Die BVG will in Zukunft einen Großteil ihrer Fahrscheine über neue Vertriebswege verkaufen. Automaten und Verkaufspersonal werden aber auch in Zukunft nicht überflüssig.

Die Straßenbahn M 4 bleibt kurz hinter der Hufelandstraße plötzlich stehen. Keine Ampel stoppt die Straßenbahn auf ihrem Weg nach Berlin-Mitte, der Fahrer informiert die Fahrgäste über einen Verkehrsunfall auf der Strecke, die meisten von ihnen setzen ihren Weg zu Fuß fort.

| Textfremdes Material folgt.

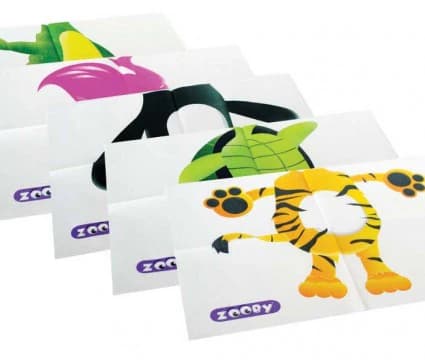 Zooby Pediatric Bibs, 2-Ply Poly Backed, Non-Permeable, 13.5" x 9", Assorted Animal Designs, 100/Box, 295200 thumbnail 12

Hektisch werden die Smartphones gezückt, um alternative Wege im Internet zu suchen. Für viele erfolglos: Bei einem der großen Mobilfunkanbieter sind Probleme an mehreren Basisstationen aufgetreten, das mobile Internet funktioniert nicht mehr.

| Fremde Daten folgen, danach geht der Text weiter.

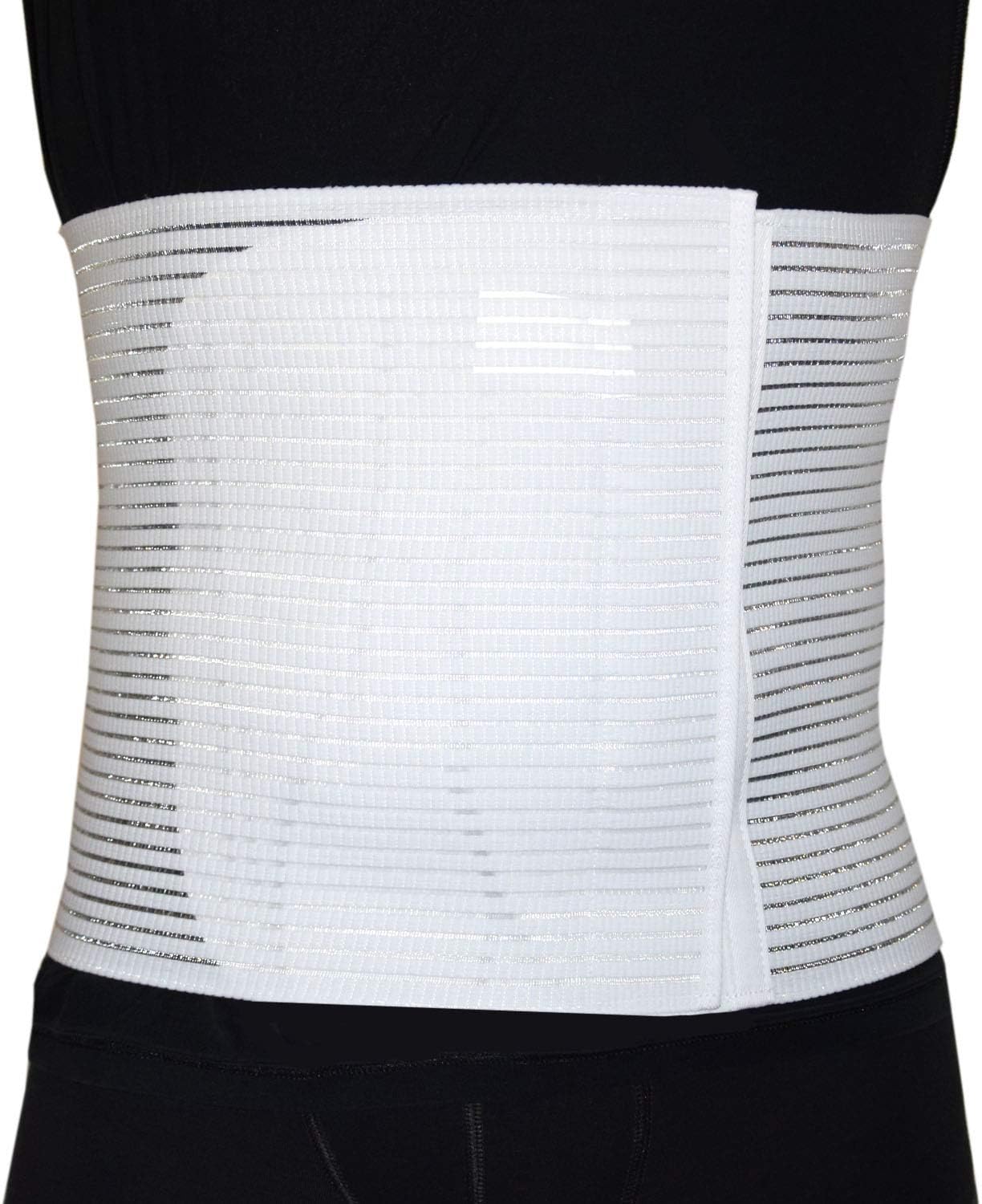 Postpartum Bauchgurt mit Rückenunterstützung, Weiß L - 105/115 cm Bauchumfang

Zur gleichen Zeit stellten gestern die Berliner Verkehrsbetriebe (BVG) ihre neue Anwendung (App) »Fahrinfo Plus« für Smartphones in einem schicken Café am Hackeschen Markt vor. Mit ihr können Fahrgäste jetzt nicht mehr nur ihre Route am Telefon planen, sondern direkt Fahrscheine für die Berliner Tarifbereiche ABC kaufen. Das Display des Telefons zeigt dann den Fahrschein an. Hierfür ist eine Registrierung nötig, auf dem Fahrschein wird der Name des Nutzers angezeigt. Die Zahlung erfolgt über den Bankeinzug oder die Kreditkarte, die App selber ist kostenlos. Bewegungsdaten der Nutzer werden laut BVG nicht erhoben, der auf dem Display angezeigte Fahrschein ist allerdings nur in Verbindung mit einem amtlichen Lichtbildausweis gültig.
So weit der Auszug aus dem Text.